- _Exercise directions_
Retype the lines below exactly, but only those from the line that has "de videiras 6" through the line that has "Philodendron Jose Bueno House of Plants". Omit every picture.

- _Information supplied_
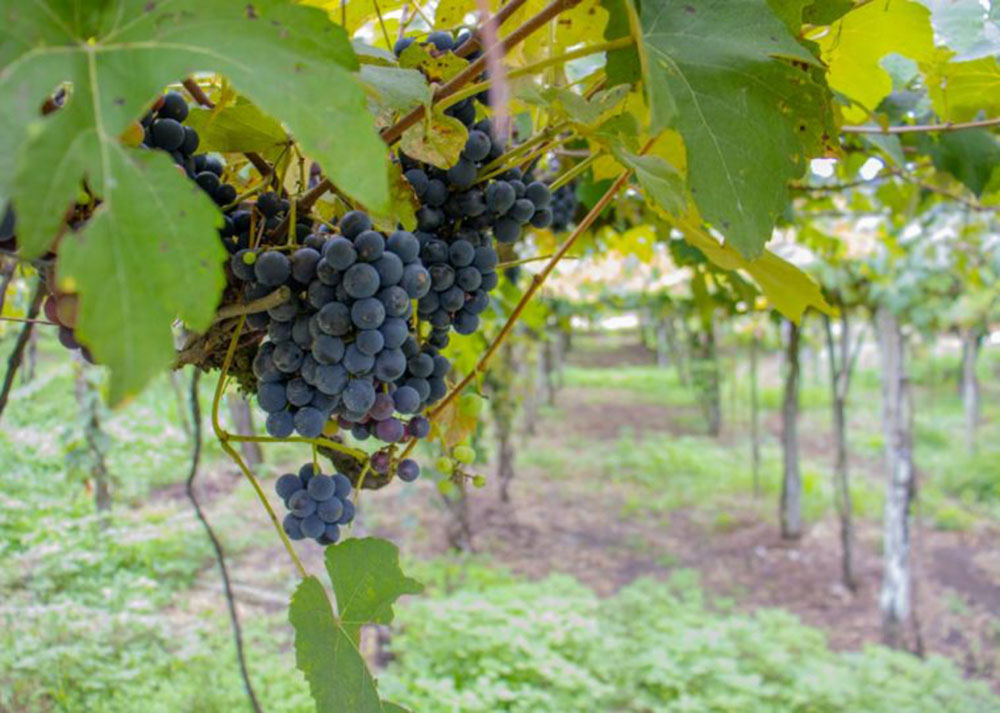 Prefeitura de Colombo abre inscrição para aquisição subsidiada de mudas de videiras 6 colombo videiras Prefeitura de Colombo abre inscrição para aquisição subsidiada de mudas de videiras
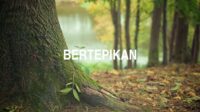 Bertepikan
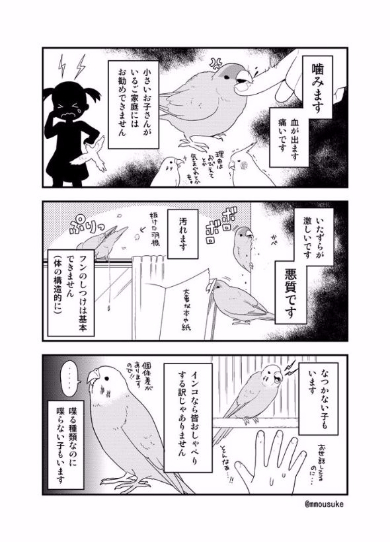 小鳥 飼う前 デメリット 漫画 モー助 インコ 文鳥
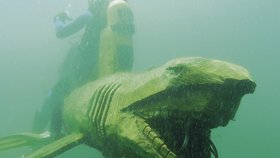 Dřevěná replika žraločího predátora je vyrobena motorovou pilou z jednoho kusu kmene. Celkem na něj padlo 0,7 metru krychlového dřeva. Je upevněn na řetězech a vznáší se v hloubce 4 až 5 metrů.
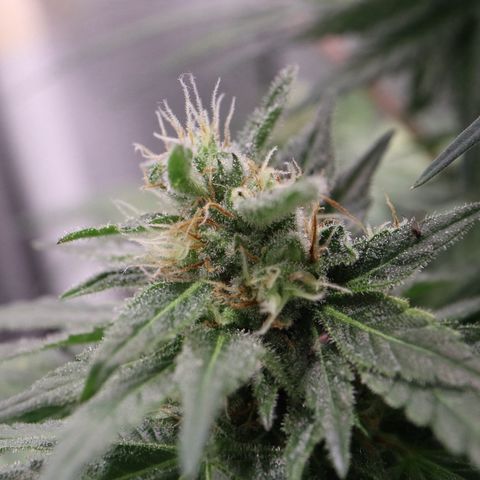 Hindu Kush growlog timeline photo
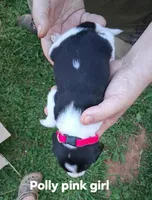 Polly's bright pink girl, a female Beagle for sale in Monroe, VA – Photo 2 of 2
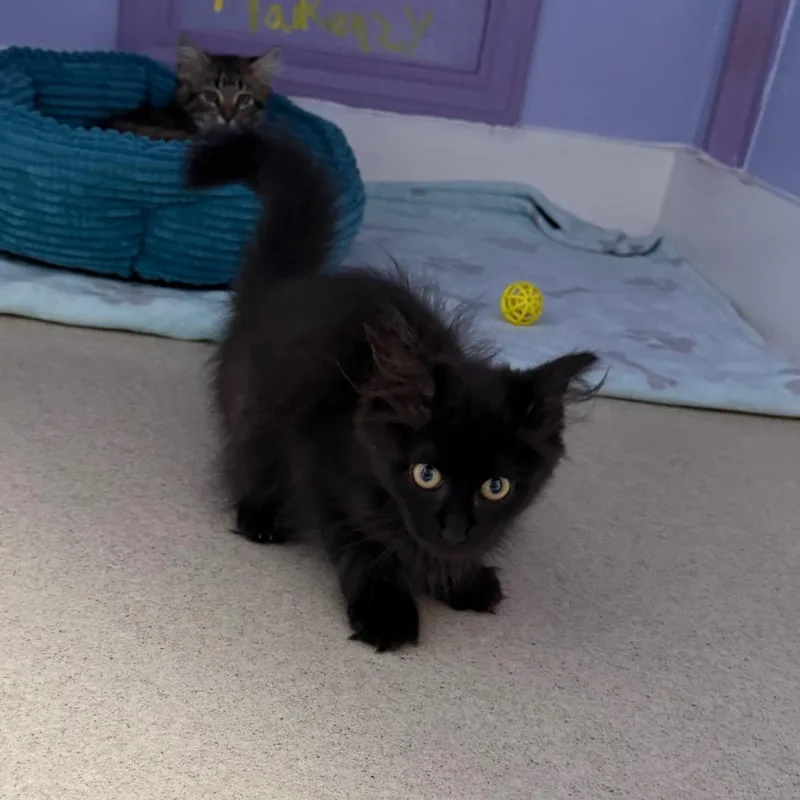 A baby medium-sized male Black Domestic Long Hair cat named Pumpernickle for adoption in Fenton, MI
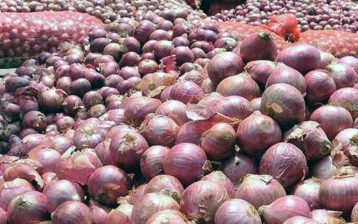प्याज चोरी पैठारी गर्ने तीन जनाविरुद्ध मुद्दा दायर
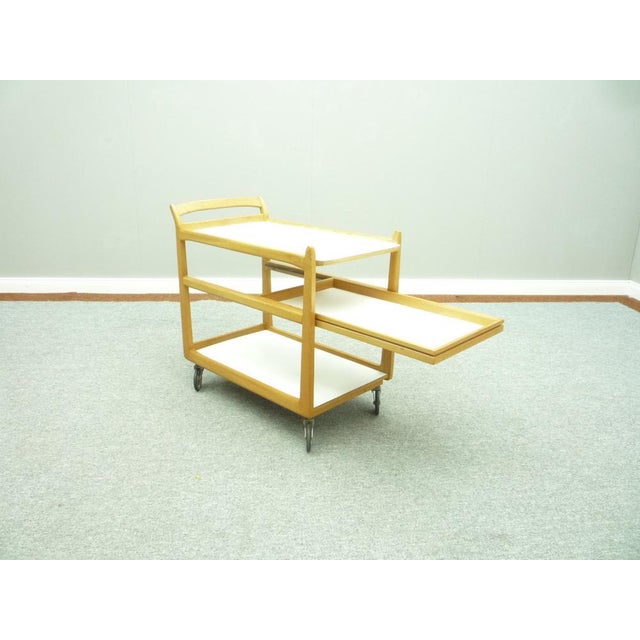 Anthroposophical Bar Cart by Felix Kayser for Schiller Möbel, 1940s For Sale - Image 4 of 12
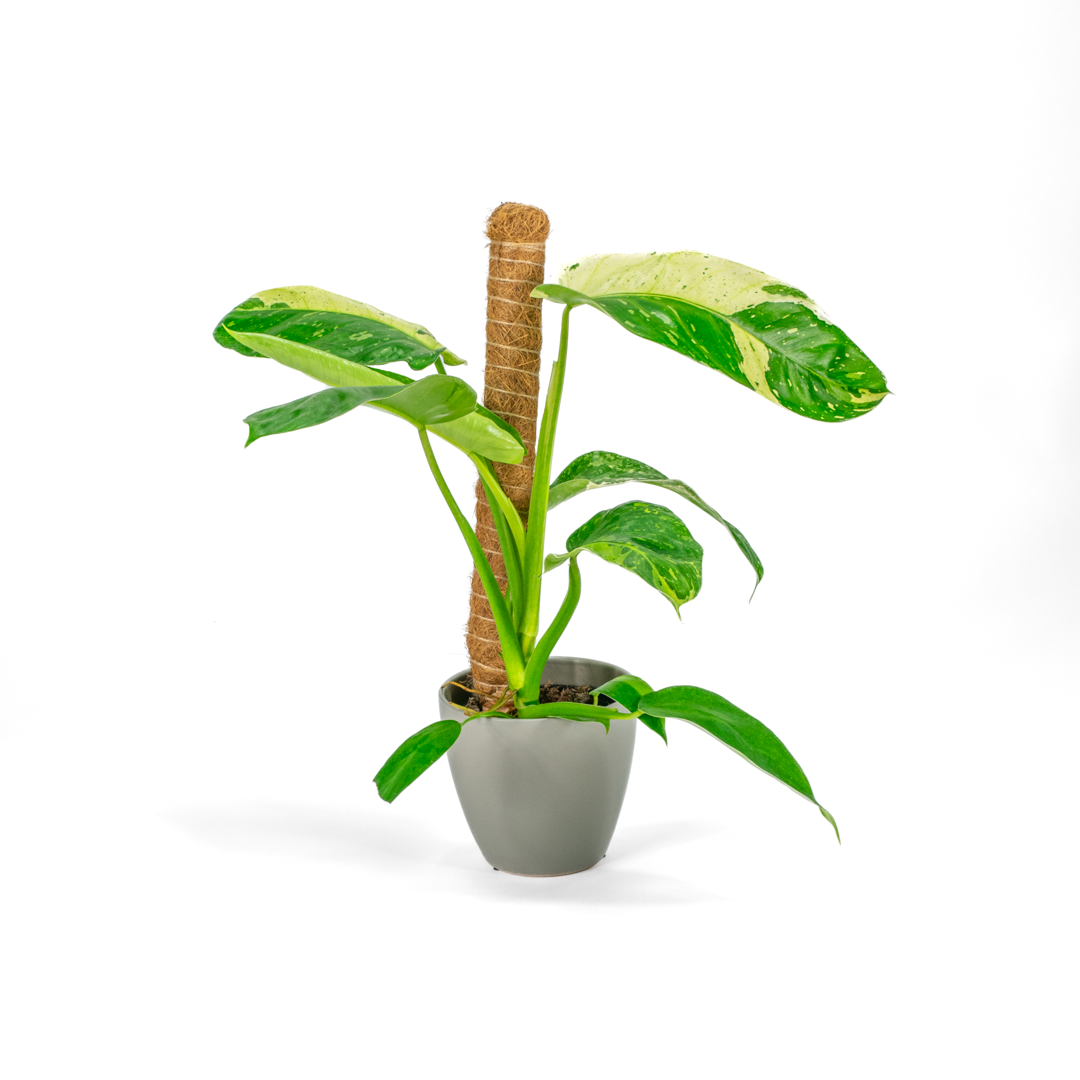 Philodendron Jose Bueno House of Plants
--
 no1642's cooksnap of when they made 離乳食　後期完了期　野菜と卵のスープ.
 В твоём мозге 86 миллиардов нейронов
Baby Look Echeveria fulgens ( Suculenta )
---
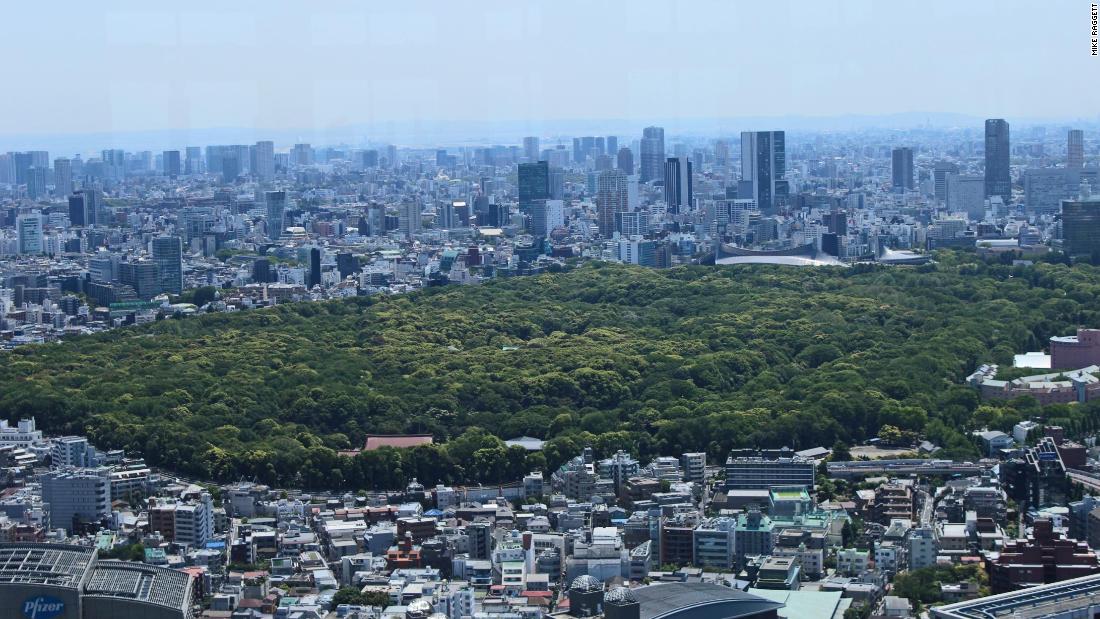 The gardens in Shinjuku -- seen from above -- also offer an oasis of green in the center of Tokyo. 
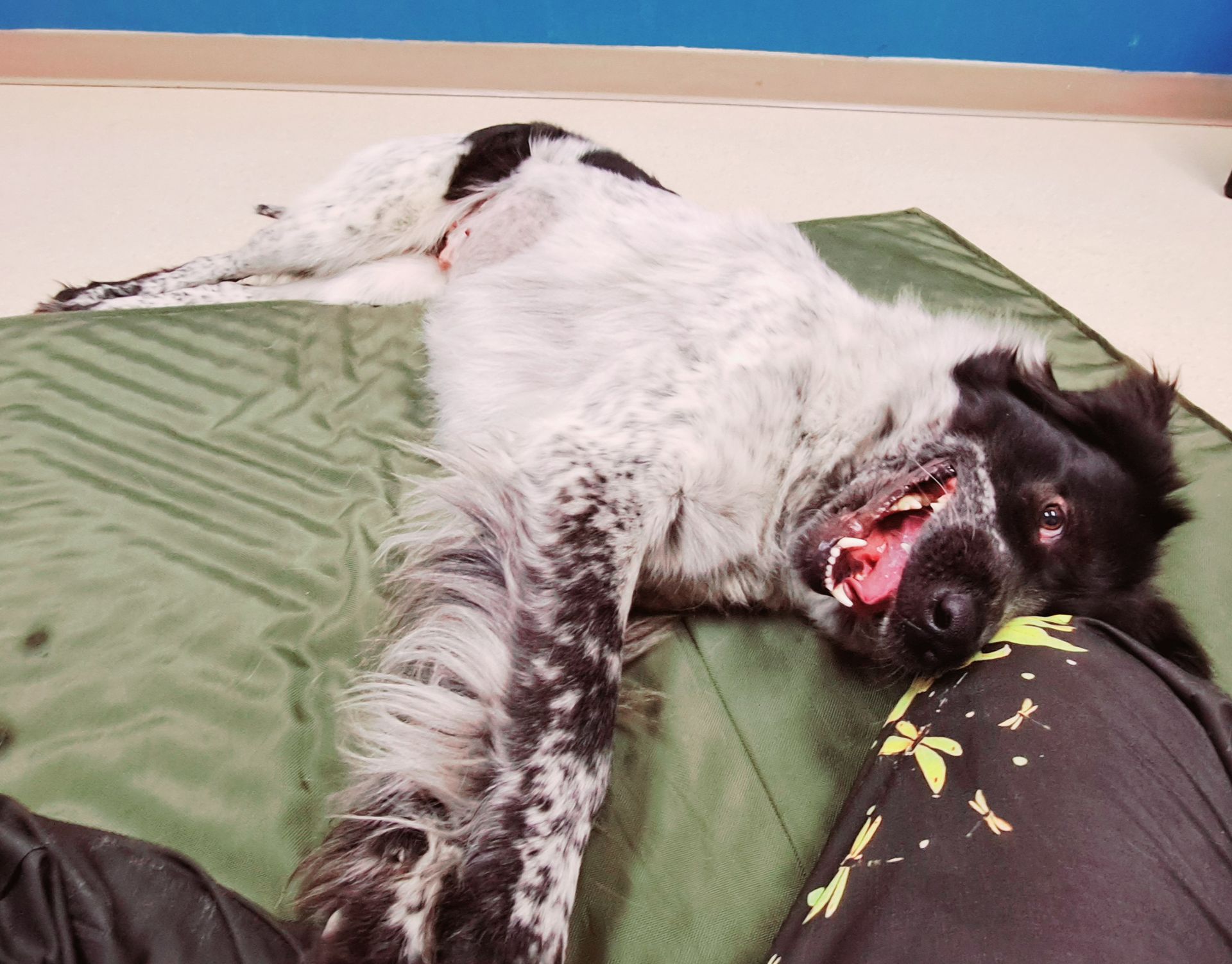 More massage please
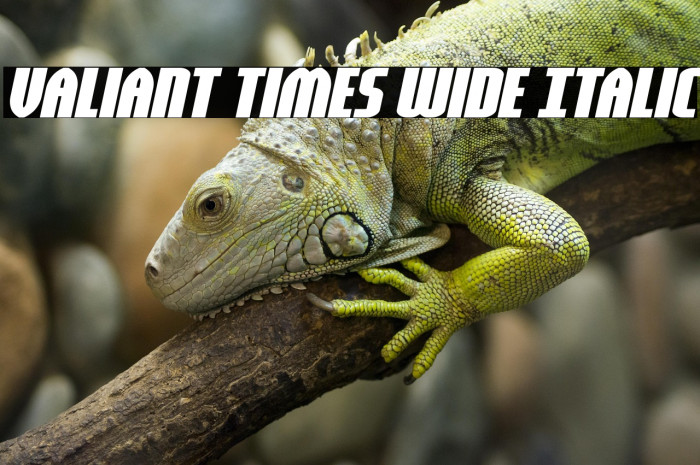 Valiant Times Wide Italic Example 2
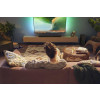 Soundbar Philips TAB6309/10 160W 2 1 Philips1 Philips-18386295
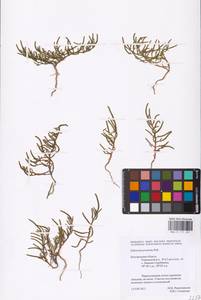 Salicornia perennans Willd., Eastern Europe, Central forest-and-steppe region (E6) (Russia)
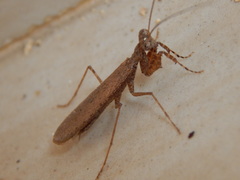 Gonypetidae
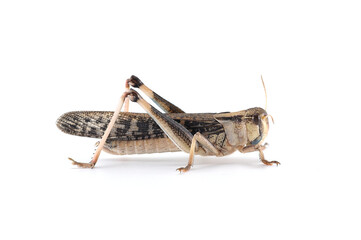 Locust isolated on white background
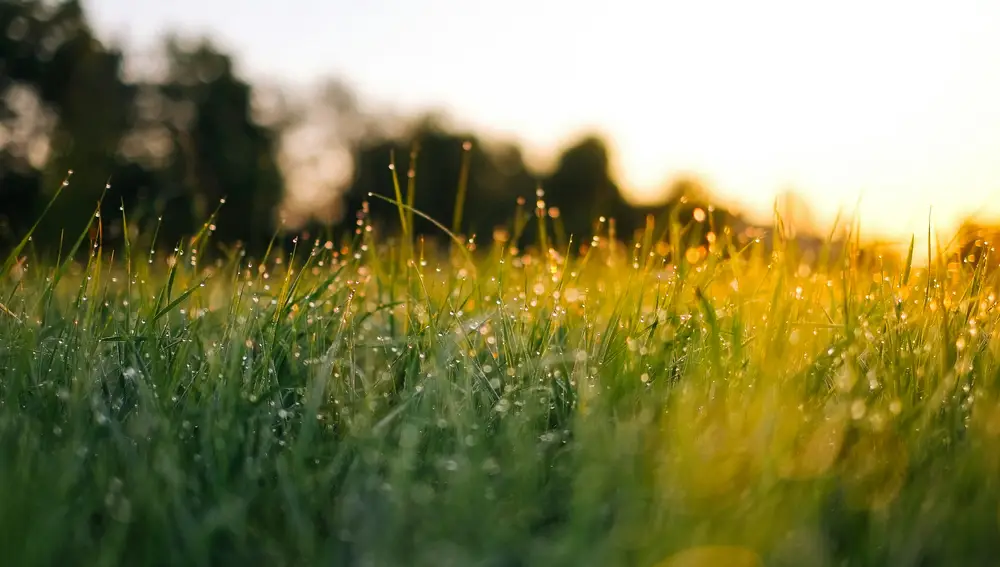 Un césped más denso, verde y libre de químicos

- _Exercise solution_
 Prefeitura de Colombo abre inscrição para aquisição subsidiada de mudas de videiras 6 colombo videiras Prefeitura de Colombo abre inscrição para aquisição subsidiada de mudas de videiras
 Bertepikan
 小鳥 飼う前 デメリット 漫画 モー助 インコ 文鳥
 Dřevěná replika žraločího predátora je vyrobena motorovou pilou z jednoho kusu kmene. Celkem na něj padlo 0,7 metru krychlového dřeva. Je upevněn na řetězech a vznáší se v hloubce 4 až 5 metrů.
 Hindu Kush growlog timeline photo
 Polly's bright pink girl, a female Beagle for sale in Monroe, VA – Photo 2 of 2
 A baby medium-sized male Black Domestic Long Hair cat named Pumpernickle for adoption in Fenton, MI
प्याज चोरी पैठारी गर्ने तीन जनाविरुद्ध मुद्दा दायर
 Anthroposophical Bar Cart by Felix Kayser for Schiller Möbel, 1940s For Sale - Image 4 of 12
 Philodendron Jose Bueno House of Plants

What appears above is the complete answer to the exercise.